A few things could happen with diabetes. Diabetes is a good example of many conditions that affect the retina in that it’s vascular in nature. Its effect on the eye is really an effect on blood vessels. The main problem in diabetes and diabetic eye disease is that blood vessels are abnormally leaky. One of the things that can happen is that fluid or blood can seep into the layers of the retina. That’s called macular edema and it’s one of the primary ways diabetes can lead to decreased vision. That is generally treated by injection therapy and also can be treated with laser photocoagulation.

Oftentimes, a combination of therapies is need to attack this kind of condition. The other big way that eyes can be affected is that they become ischemic, or devoid of good oxygen supply. When that happens, the eye in response will try to grow new blood vessels to try to help itself. It sounds like a great idea but in fact it’s not because the new blood vessels it tries to grow are more leaky than the original ones, so these are prone to large hemorrhages, which can really decrease vision. Diabetics can develop scaring and retinal detachments …

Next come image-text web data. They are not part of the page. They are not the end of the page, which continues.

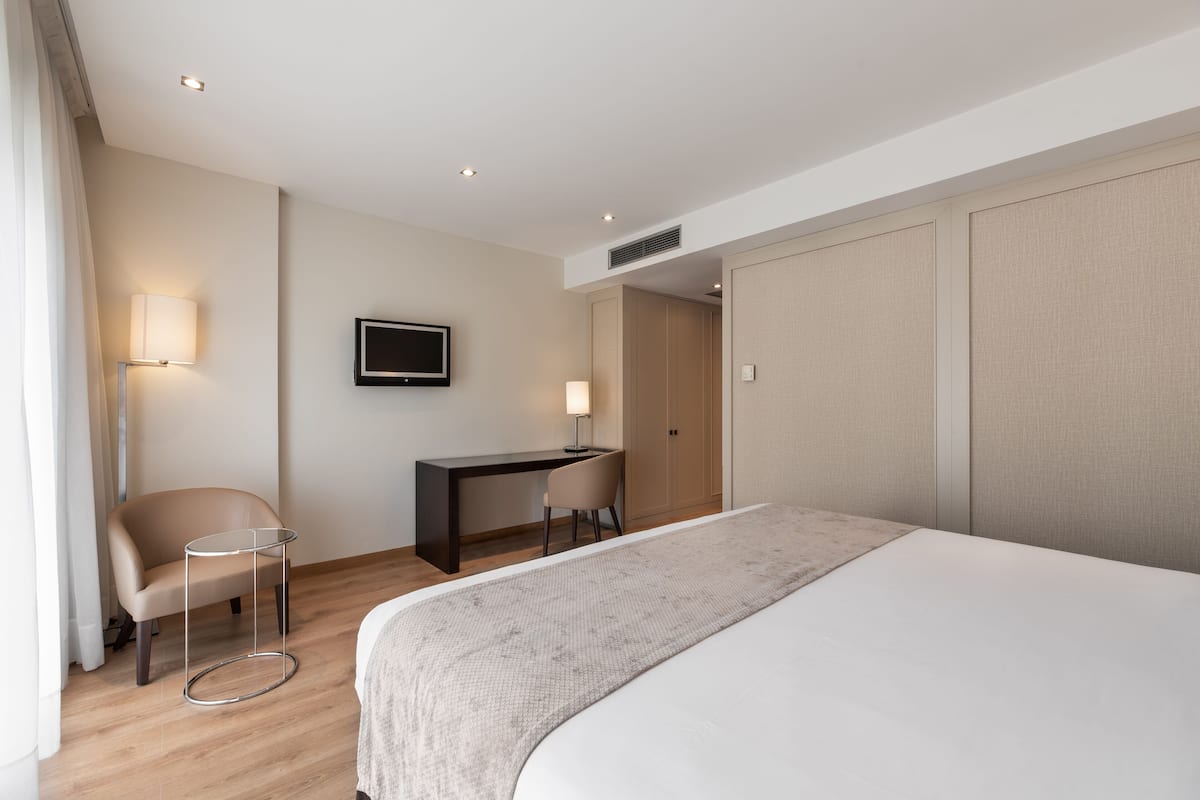 A modern hotel room with a large bed, a desk, a chair, and a television.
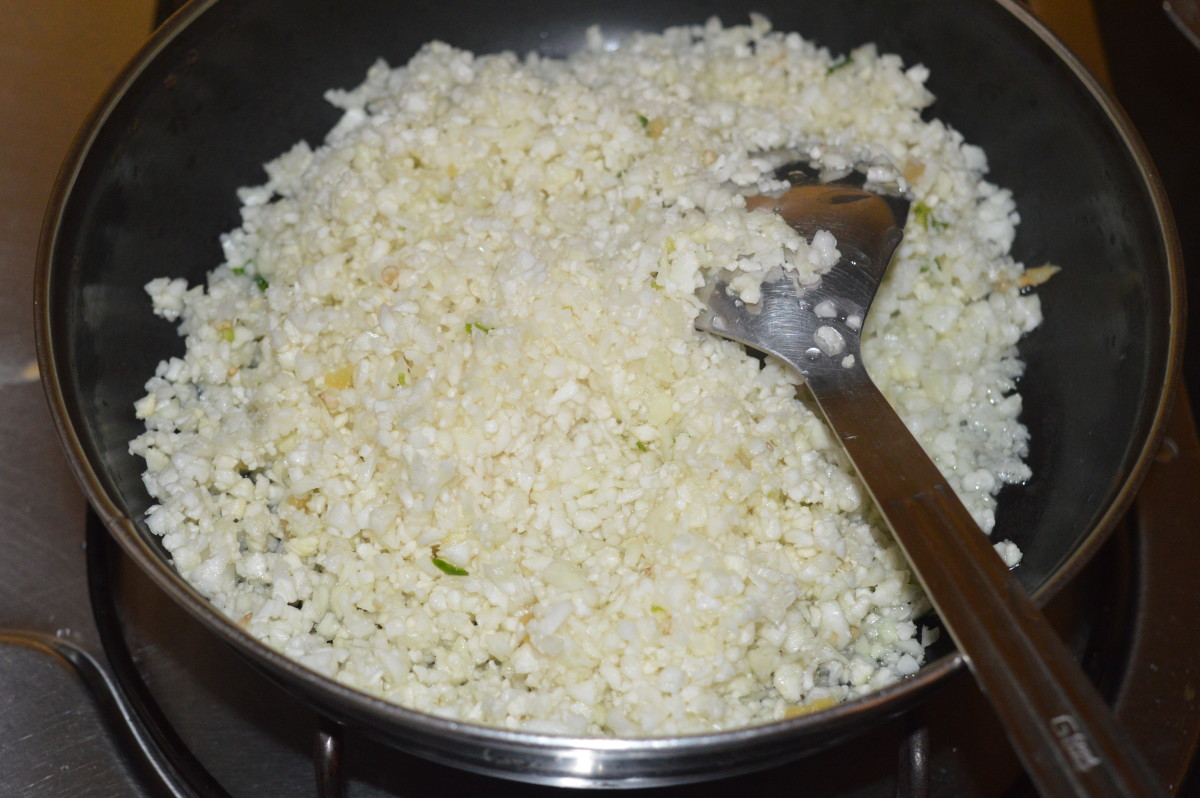 Step three: Heat oil in a deep pan. Add cauliflower mixture. Add some salt. Saute over a high flame for 3 minutes.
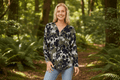 Model wearing the Valery Zip Top in a forest, showcasing casual elegance and comfort with a modern V-neckline.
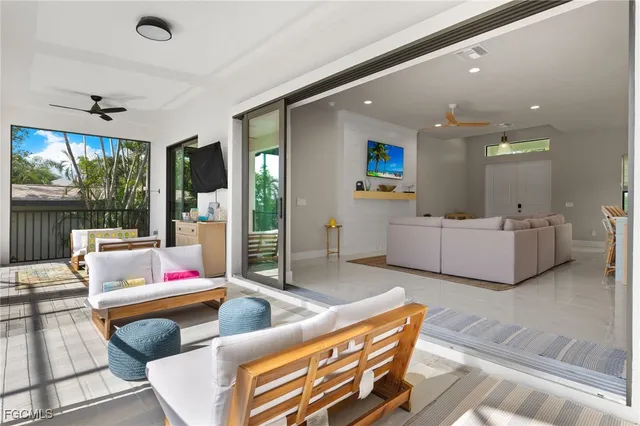 a living room with furniture and a floor to ceiling window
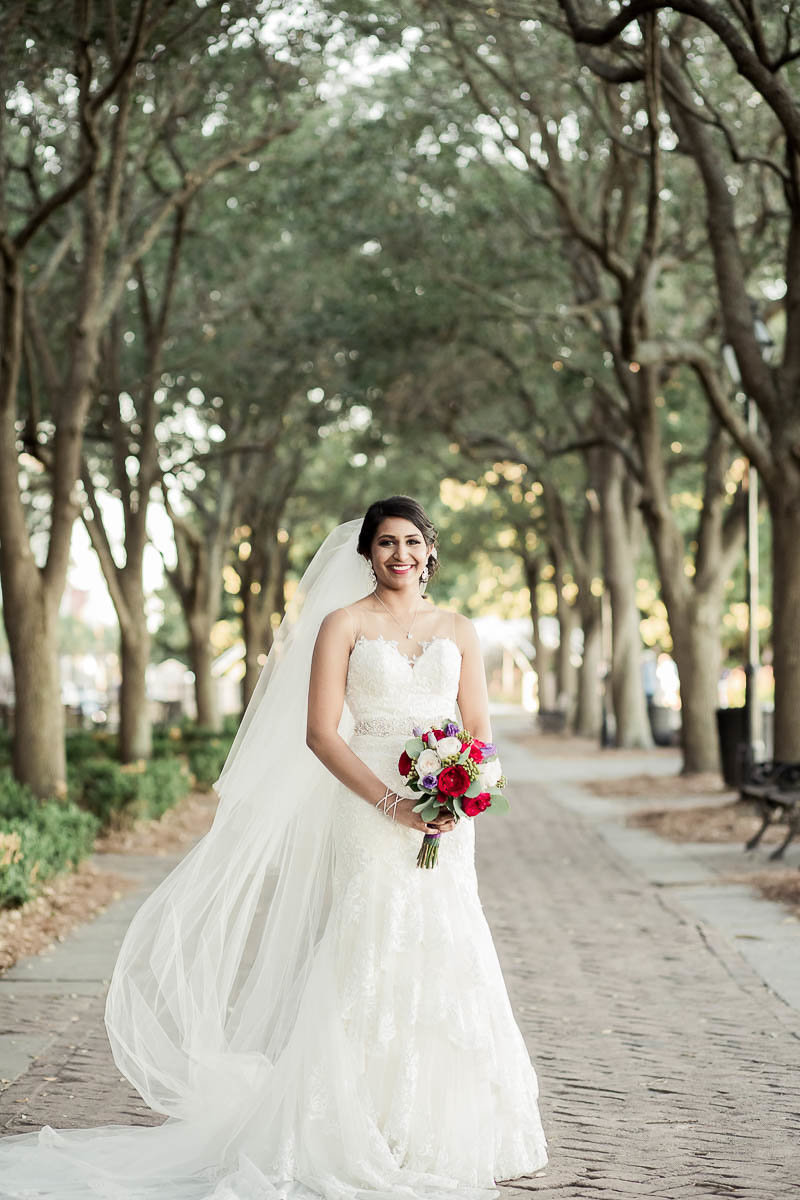 Bride stands under trees at the Waterfront Park, Charleston Wedding Photographer.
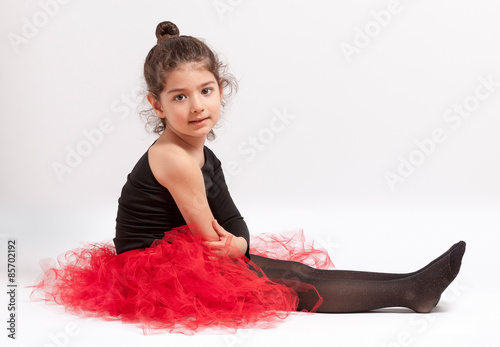 A Child Dance Performer sitting photo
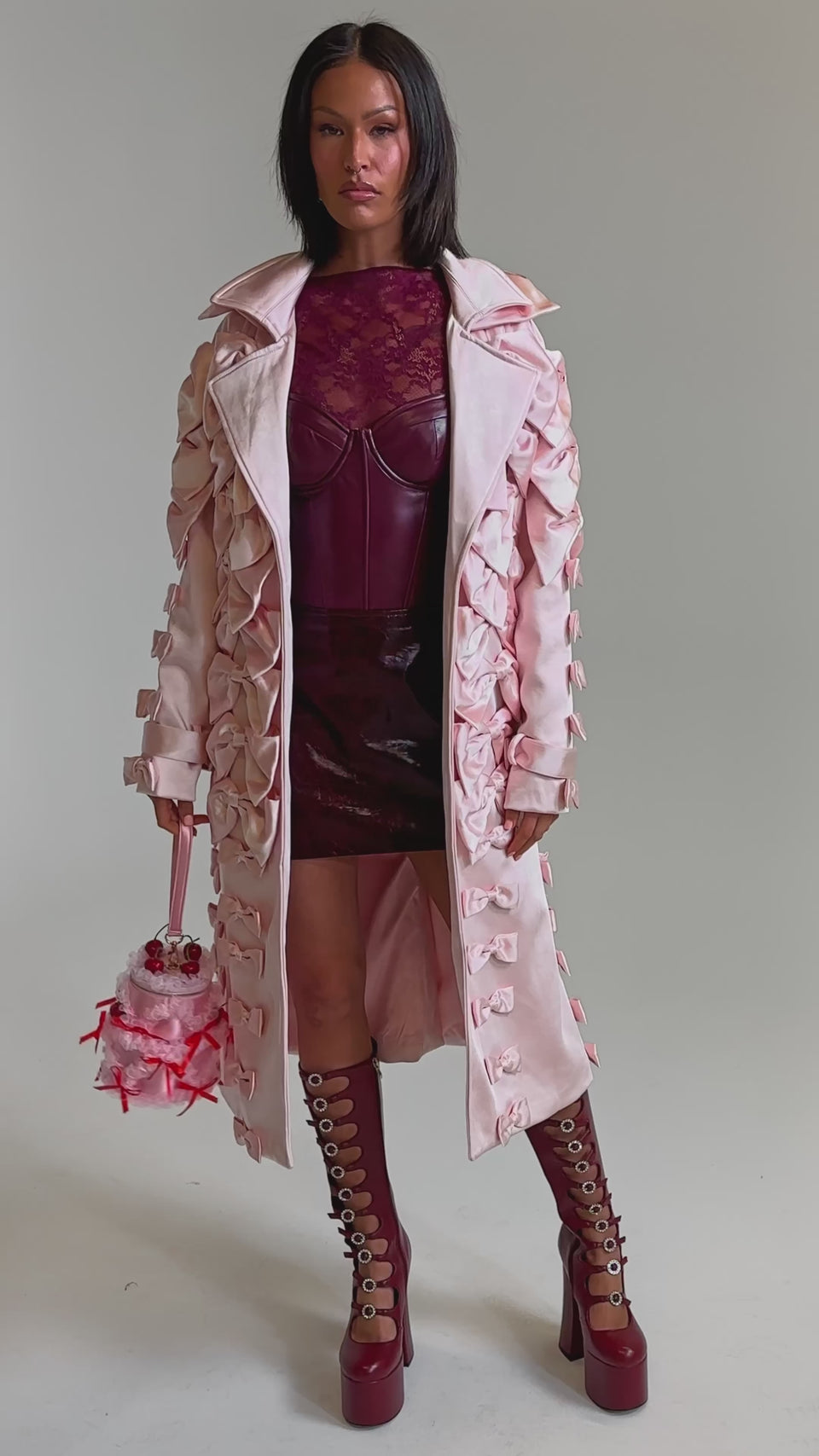 A video of a woman in the WRAP ME WITH A SATIN BOW TRENCH, styled with a burgundy lace top, matching mini skirt, tall burgundy platform boots with grommets, and a pink handbag featuring red ribbons and bows.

Diabetics also tend to form cataracts at younger ages than non-diabetics.

There are some diabetic patients who are very diligent and compliant with appointments and then for many others it’s a matter of education and letting them know how serious the condition can be. It’s a hard disease. It’s a hard disease that affects the organ systems, not just the eyes, so these patients have a lot of retina specialist appointments to go to but they are dealing with internists, endocrinologists, possibly nutritionists, podiatrists for foot ulcers, kidney specialists for renal failures.

What is it like to deal with patients losing their eyesight? How can you help them prepare for a loss of eyesight or potentially blindness?

That’s a hard question. For many, vision is poor when we first see them, or despite treatment for whatever condition they have, vision may not return. That is tough. We work closely with low vision and vision rehab centers. With folks who have significant visual loss, we try to get them help and get them involved with those centers so they can begin to develop adaptive techniques and receive training on devices that can help them to function in their daily activities.